[Start of section]

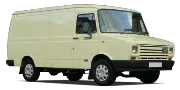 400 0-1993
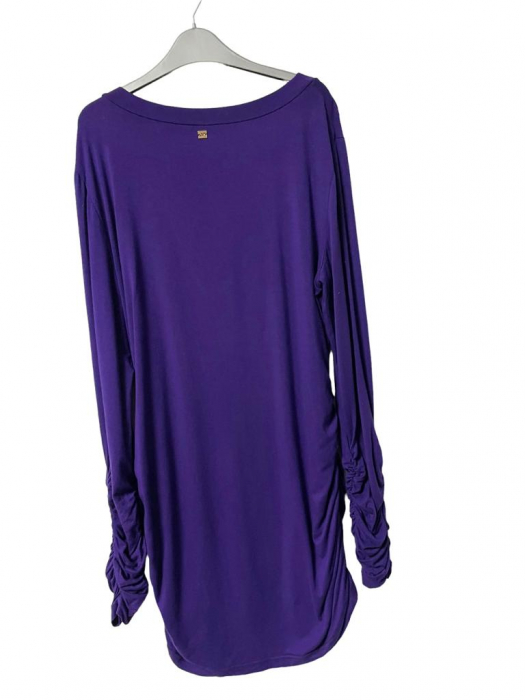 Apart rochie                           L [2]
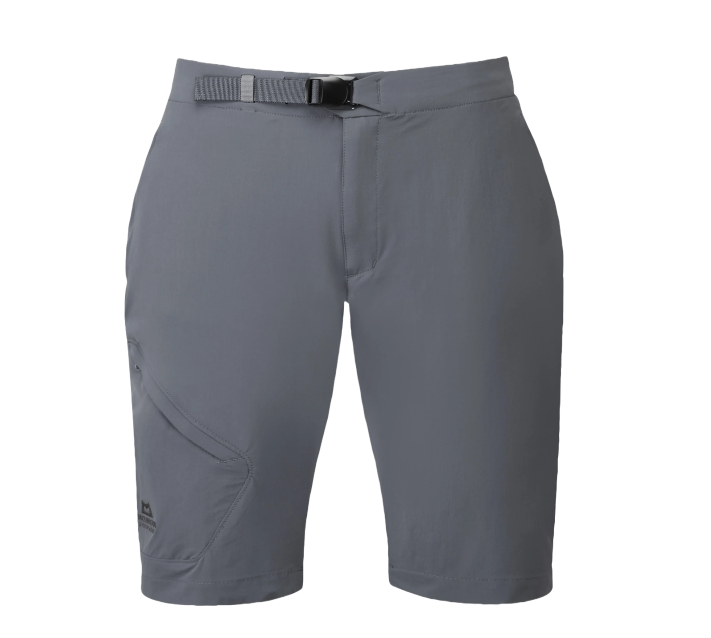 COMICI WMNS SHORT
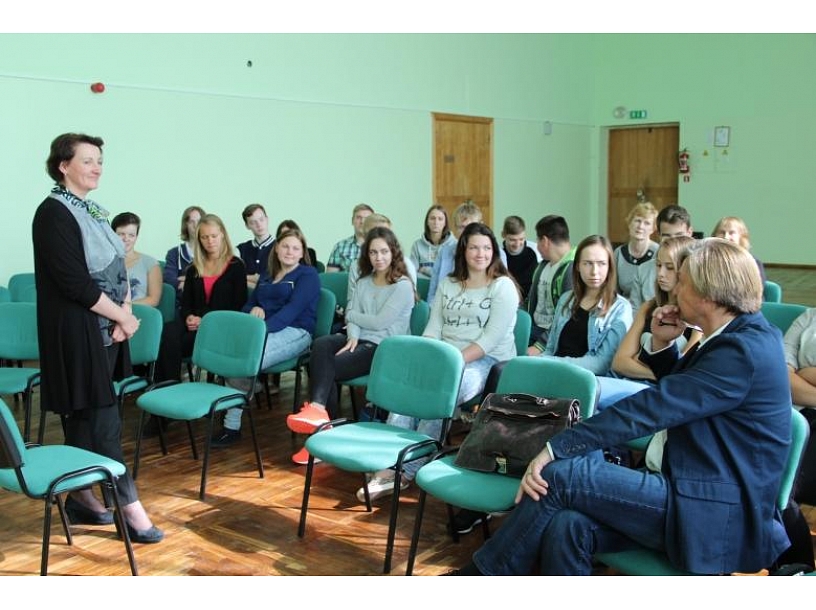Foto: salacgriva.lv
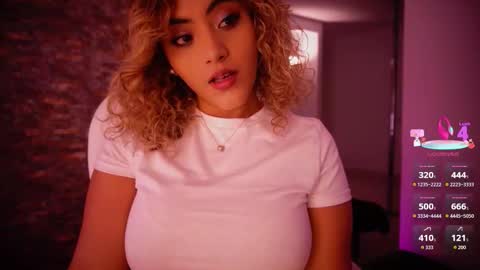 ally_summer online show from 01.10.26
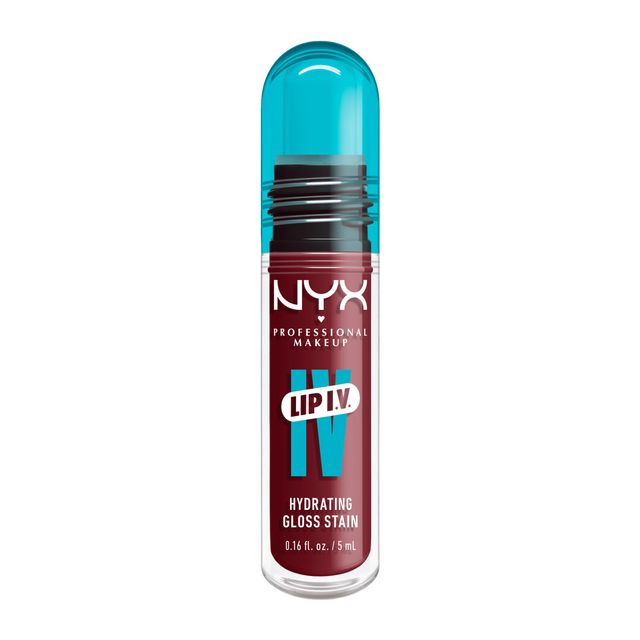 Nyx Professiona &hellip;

[End of section]

• [WHAT THIS TASK INVOLVES]:
What is needed is an exact transcription of the lines from the one containing "ally_summer online show from 01.10.26" through the last line of the records above, both included, with no pictures.

• [FINISHED TASK]:
 ally_summer online show from 01.10.26
 Nyx Professiona &hellip;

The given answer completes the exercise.